I know some people just don’t want to admit that the man they think will make this country great could do such a thing. Well, he can and he did. A man doesn’t get taken to court over circumstantial evidence. There has to be solid ground for this court date that is quickly approaching and the man on trial is our President. The President of the United States is on trial for sexual assault. That is why he is my Eric. The US elected the man who causes nightmares, self-doubt, suicidal idealizations, and self-hatred. By electing Donald Trump, the US told those women that their bodies still don’t mean anything. Their lives don’t mean anything. Their human rights don’t. mean. one. thing. By electing Donald Trump, the US told me the same thing.
This election opened a wound I forgot I had, but I will heal and so will everyone else. I woke up sad, scared, terrified because I knew the equivalent of my Eric was our new POTUS. My experience leads me to feel this way. It scares me because how can a woman confidently speak up after seeing women speak up publicly in front of the whole Nation and the accused is now our Commander in Chief. It scares me because I know it was hard to be strong before and now it will be only harder. I can only imagine the strength and bravery it will take to speak up now. Which is why I am speaking up. I don’t want our women to grow silent. I want us to become stronger, and unite. All the people doubting women, you are making it hard for the victims of this world to speak up. You are the same people who criticize the people who don’t speak up. You can’t put broken glass on the sidewalk, then wonder why people don’t walk down the street. This election was a stab in the chest to all survivors, including me.

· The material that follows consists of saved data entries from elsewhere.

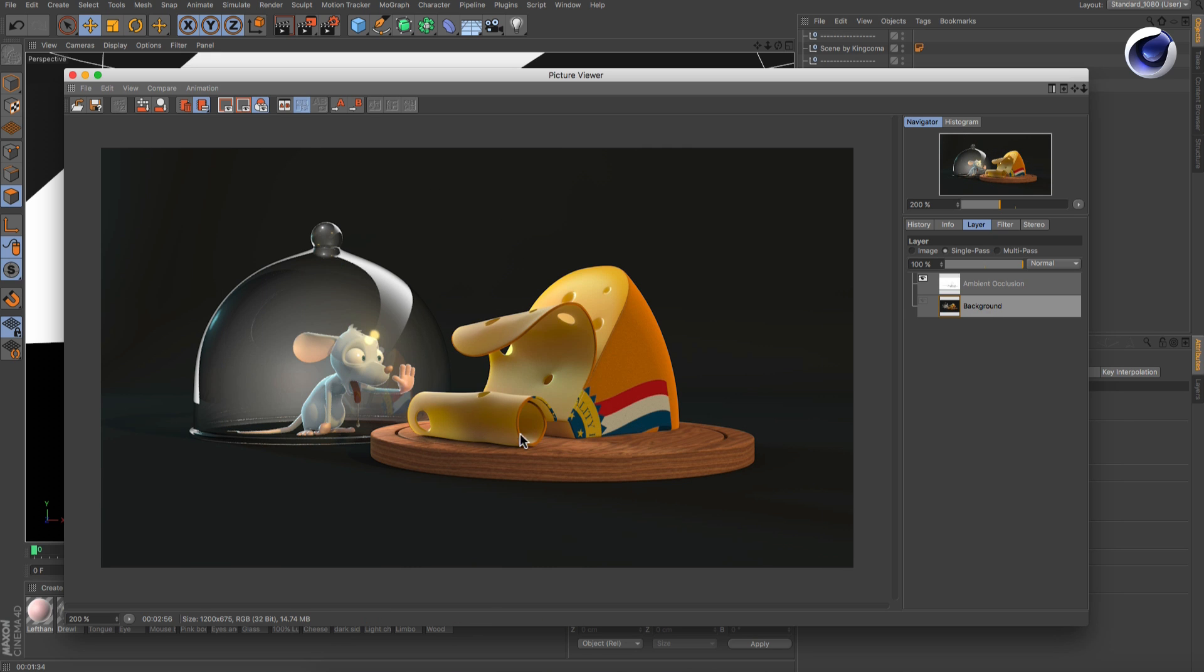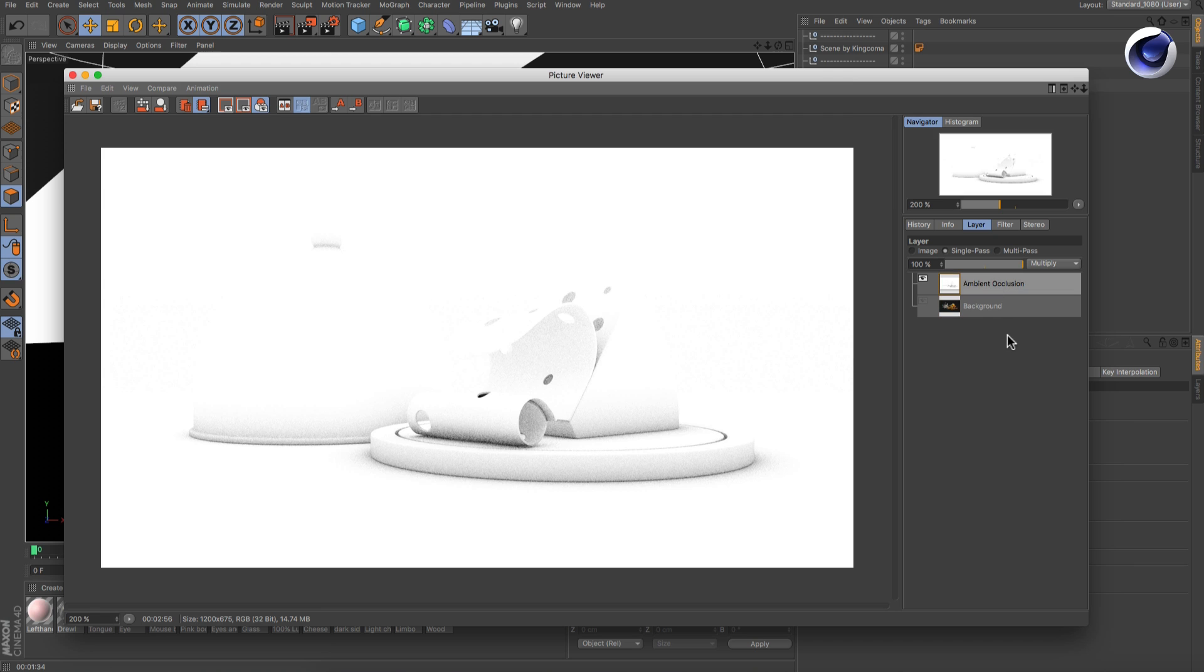Now you get a clean RGBA image as well as a separate ambient occlusion pass.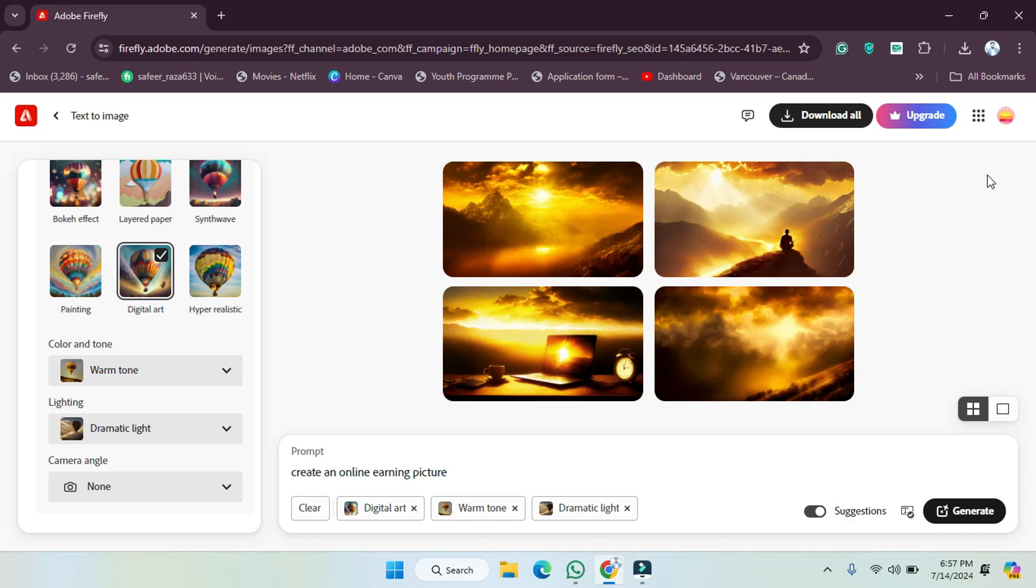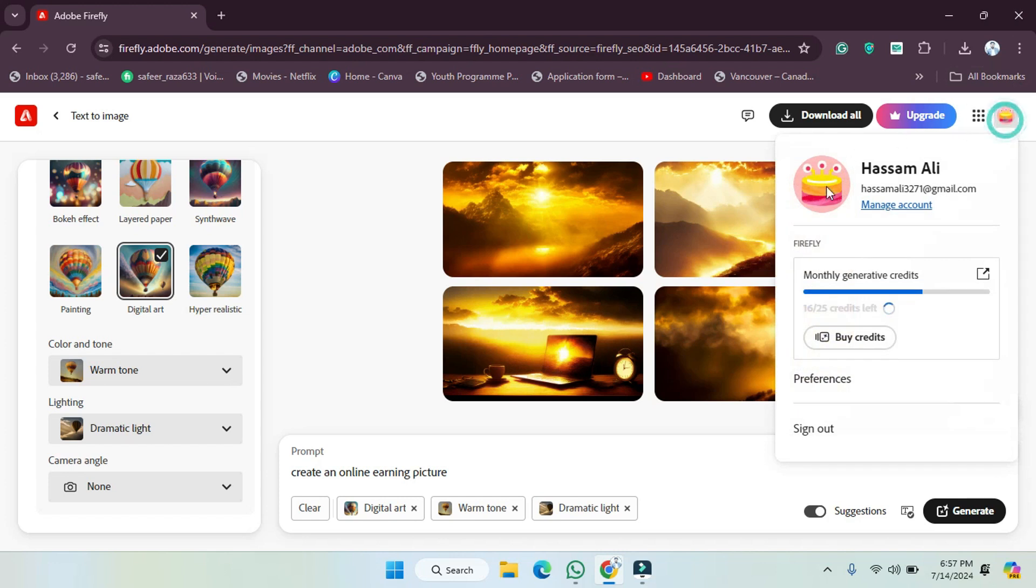So let's get started. First of all, what we have to do is simply go to our Adobe Firefly account. Wherever you are, simply go to the profile icon and click on the profile icon.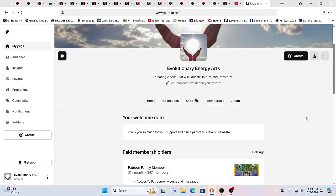Hello our friends, Evolutionary Energy Arts family. I hope everybody's doing great this morning. Indeed we do. We hope everybody's doing well and we have some Patreon people to thank. We wanted to talk a little bit more about our Patreon folks, but we want to say a huge thank you to Big Mike, Robert, and Modern Refugee.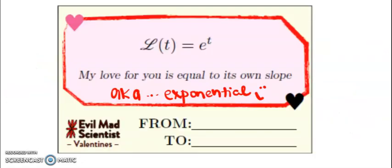That's it. In honor of this lesson usually being done in February — a reminder that my love for you is equal to its own slope, a.k.a. exponential.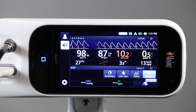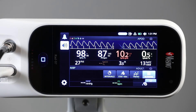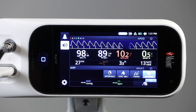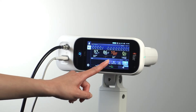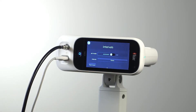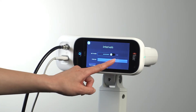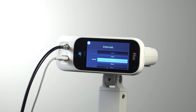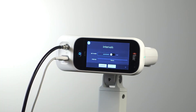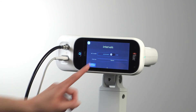There are three NIBP measurement modes to select from: automatic interval, stat interval, and spot check. Automatic interval mode sets the RAD 97 to obtain NIBP measurements every desired interval as selected by the clinician. Once 'Start Auto' is selected, measurements will begin.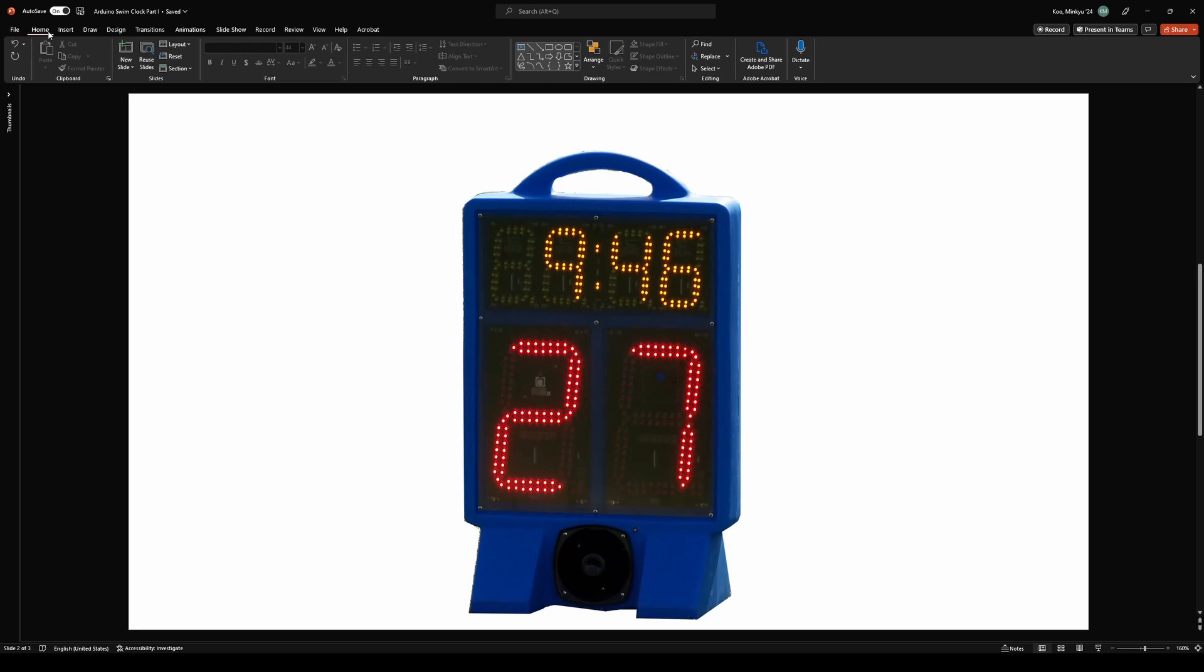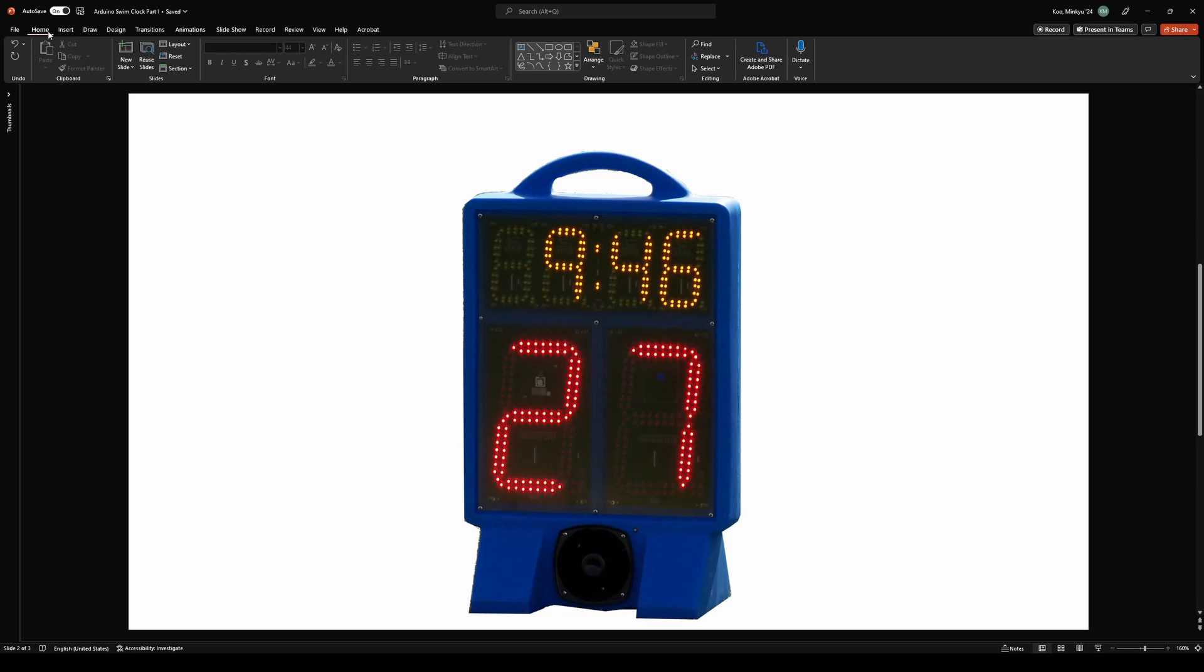The following three videos, including this one, will discuss the details of the clock, the materials required, how to code the Arduino and modify the library, and finally how to actually build the clock. Through research, I was able to find parts to build a fully functioning swim pace clock for less than a quarter of the price.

I still don’t blame Trump supporters for believing he is the lesser evil. Just as I hope people won’t blame me for believing he isn’t. I will always respect the fact that everyone has a right to their own opinion. All that I ask is friends, family, acquaintances, stand with the people who are scared. Stand with the people who are devastated. Stand with the people who are mourning the outcome of this election. We are not whiny liberals. We are people who have experiences, just like you. Except our experiences lead us to feel the way we do. No one is asking you to apologize for your unrelenting support of Trump, just be patient with those of us who are not so ready to accept this as reality.
Be patient with those who have to forgive this country for choosing our nightmare. For choosing our rapists.